§ What you are asked to do: In the material below, begin at the line that has "Concert by Simon Bürki, piano", stop after the line that has "Siyah Bomber Ceket — görsel 2/6", and transcribe those lines exactly, without pictures.

§ Source data:
[Start of Attachment]

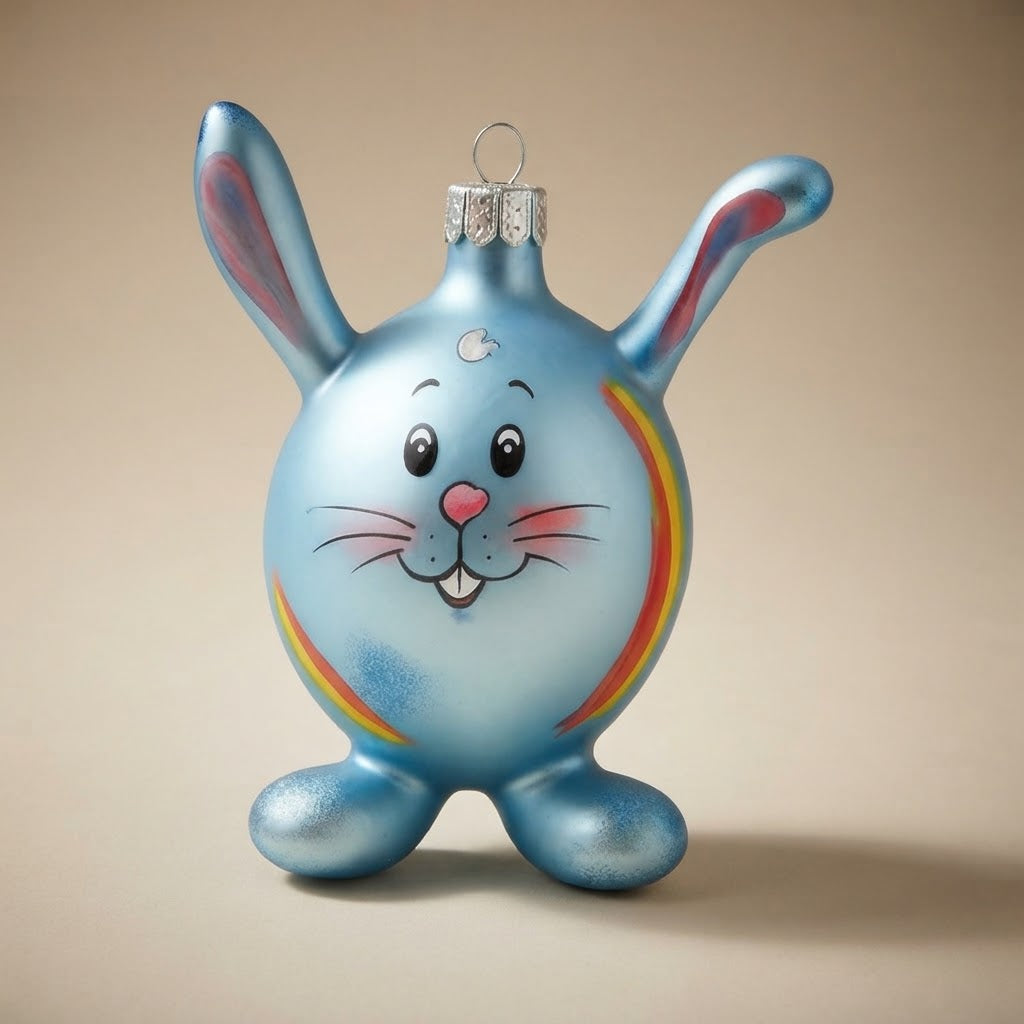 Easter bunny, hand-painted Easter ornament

[End of Attachment]
[Start of Attachment]

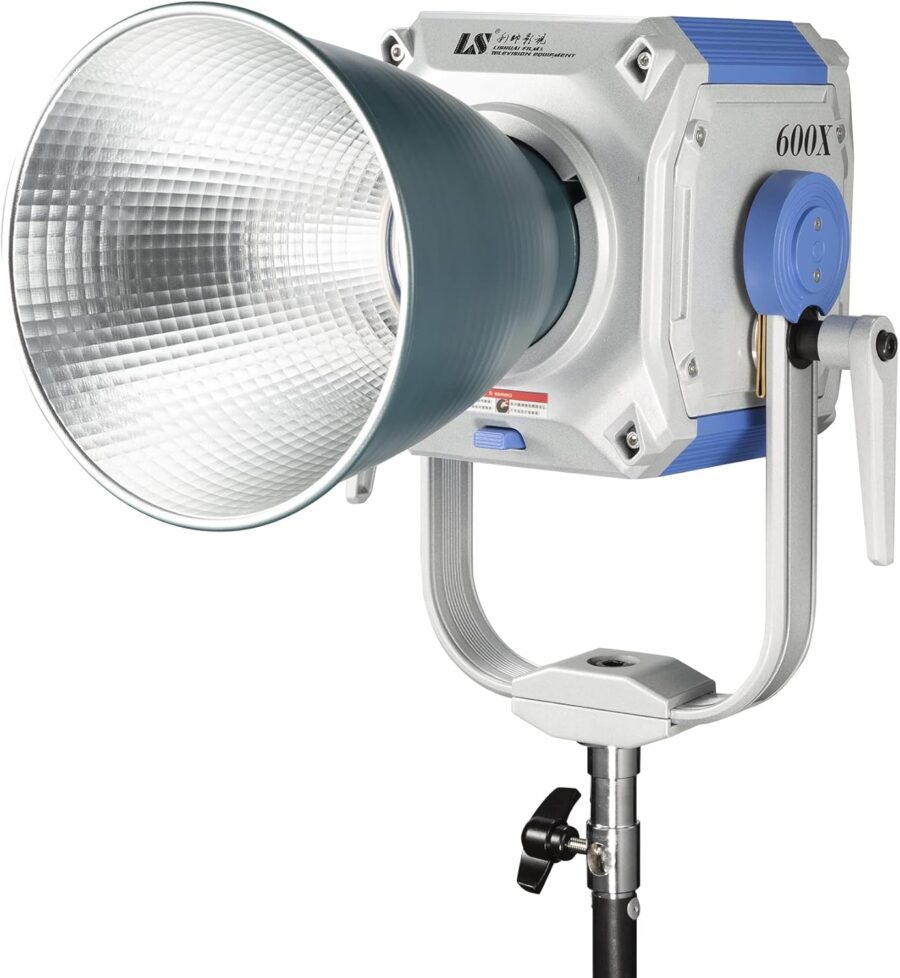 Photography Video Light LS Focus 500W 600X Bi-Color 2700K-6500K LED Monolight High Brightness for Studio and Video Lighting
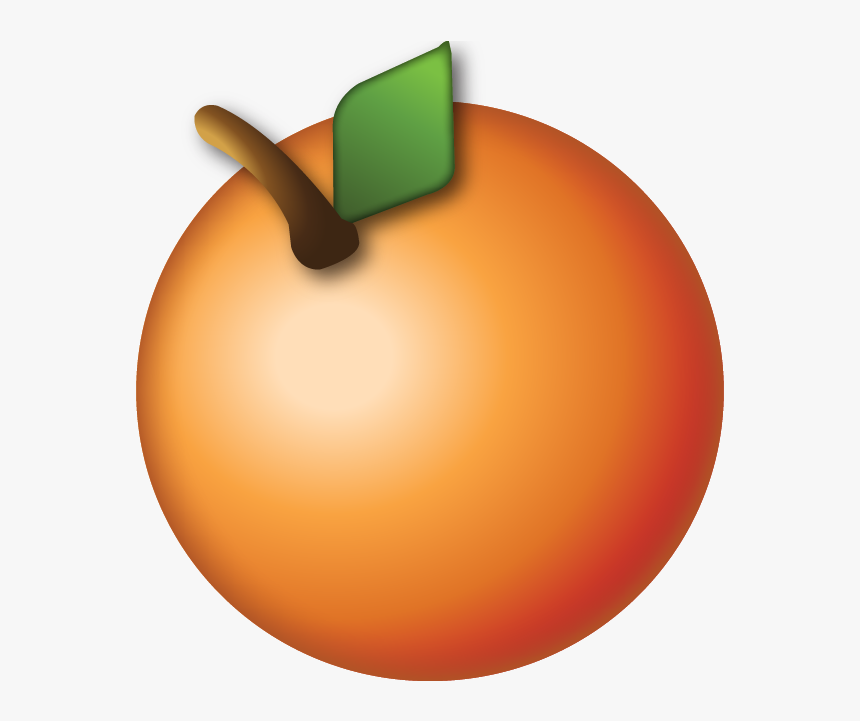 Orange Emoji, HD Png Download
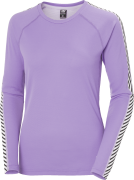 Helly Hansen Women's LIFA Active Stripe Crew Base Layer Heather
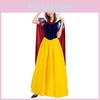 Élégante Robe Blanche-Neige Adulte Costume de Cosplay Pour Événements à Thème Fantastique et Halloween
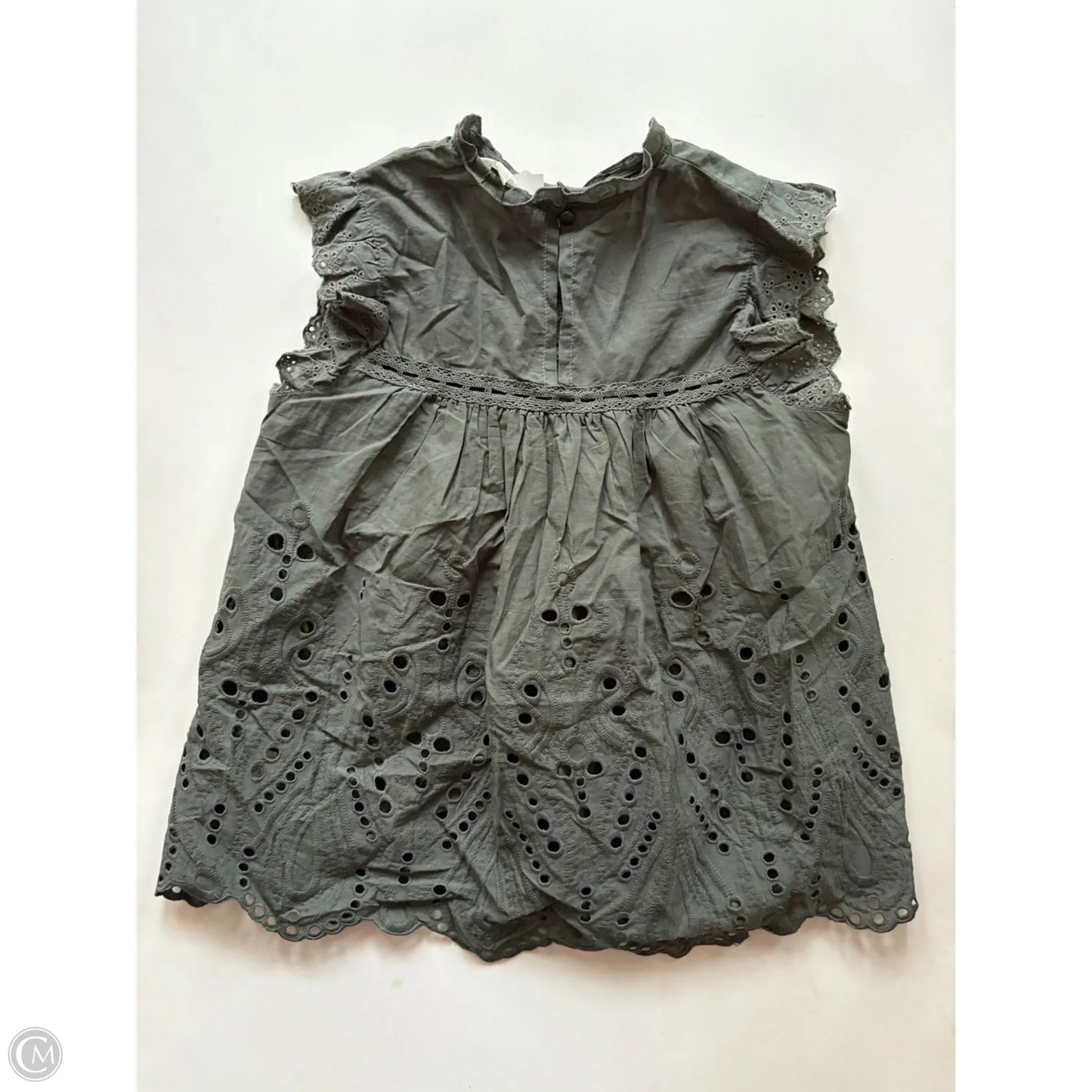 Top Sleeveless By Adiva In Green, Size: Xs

[End of Attachment]
[Start of Attachment]

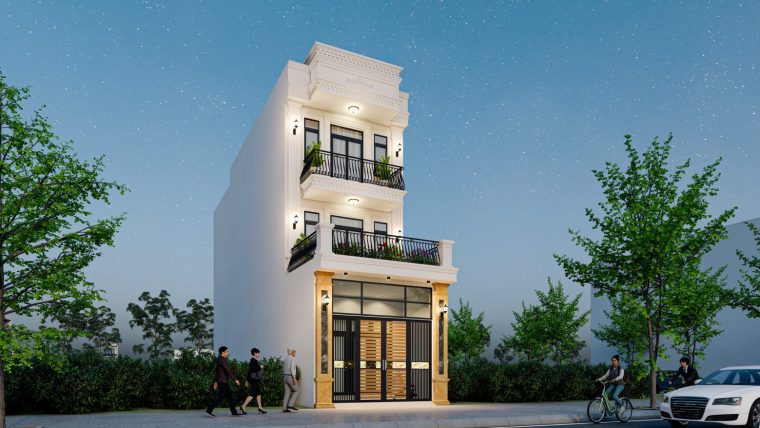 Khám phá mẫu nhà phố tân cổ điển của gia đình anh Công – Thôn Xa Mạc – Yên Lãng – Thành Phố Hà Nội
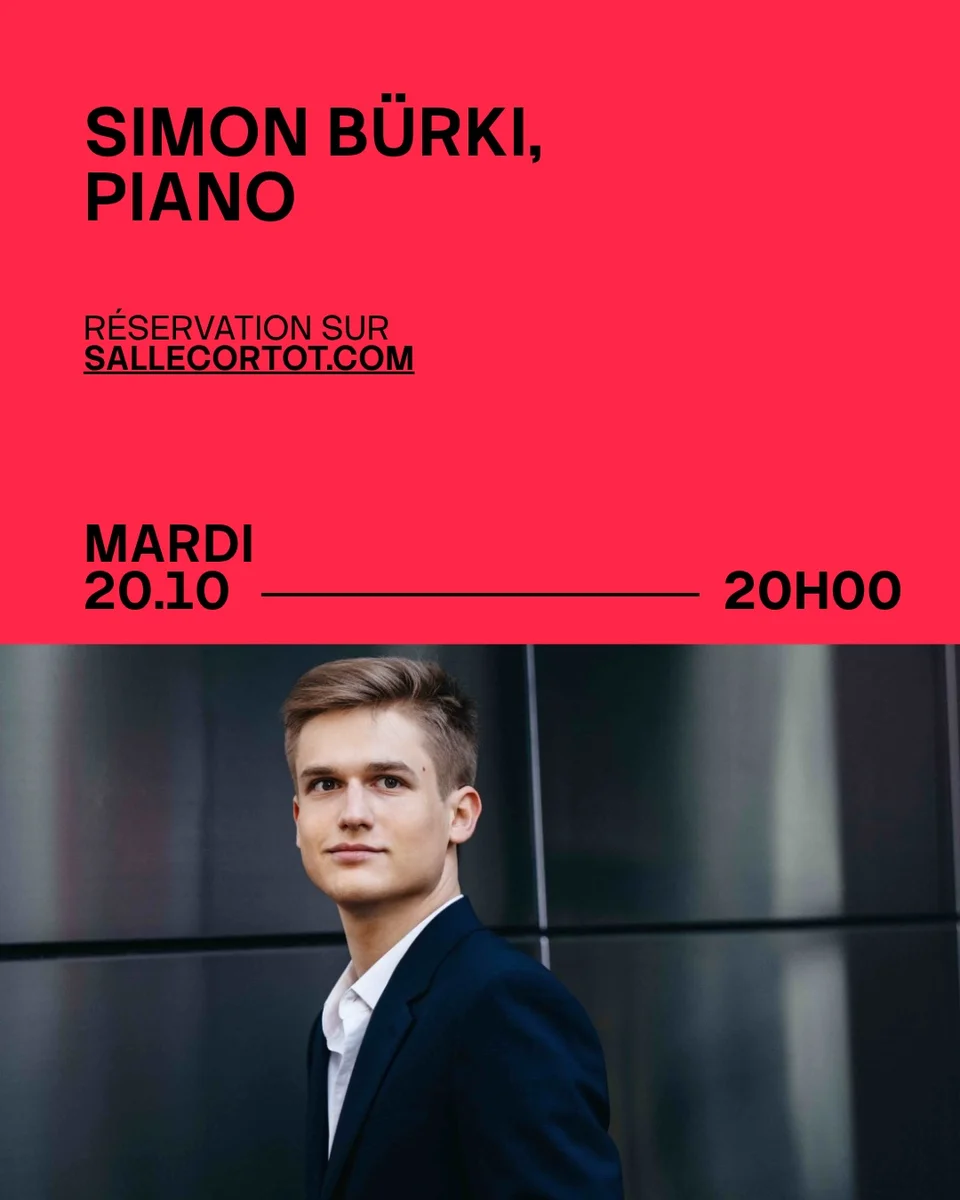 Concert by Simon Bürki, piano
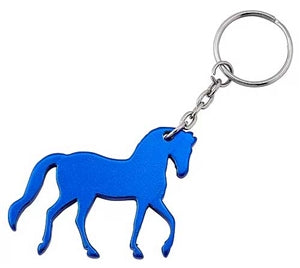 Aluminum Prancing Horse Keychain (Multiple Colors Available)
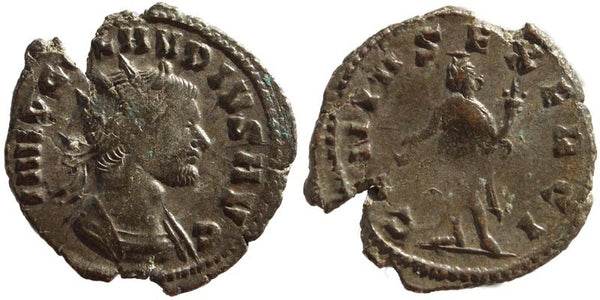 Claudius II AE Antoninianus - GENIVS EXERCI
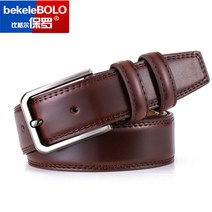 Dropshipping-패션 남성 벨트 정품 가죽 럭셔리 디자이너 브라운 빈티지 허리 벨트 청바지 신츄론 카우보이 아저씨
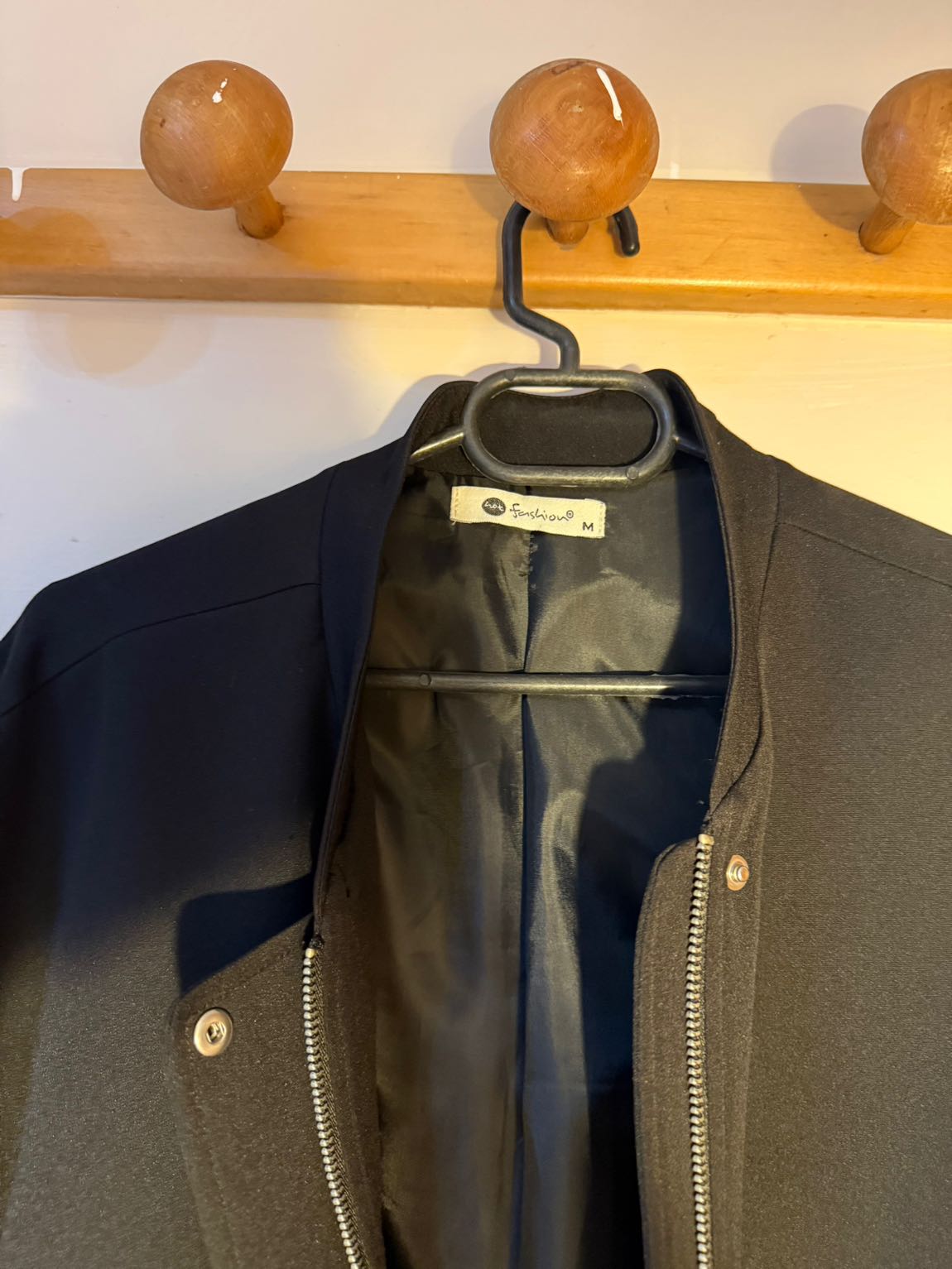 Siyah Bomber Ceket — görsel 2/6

[End of Attachment]

§ Written answer:
 Concert by Simon Bürki, piano
 Aluminum Prancing Horse Keychain (Multiple Colors Available)
 Claudius II AE Antoninianus - GENIVS EXERCI
 Dropshipping-패션 남성 벨트 정품 가죽 럭셔리 디자이너 브라운 빈티지 허리 벨트 청바지 신츄론 카우보이 아저씨
 Siyah Bomber Ceket — görsel 2/6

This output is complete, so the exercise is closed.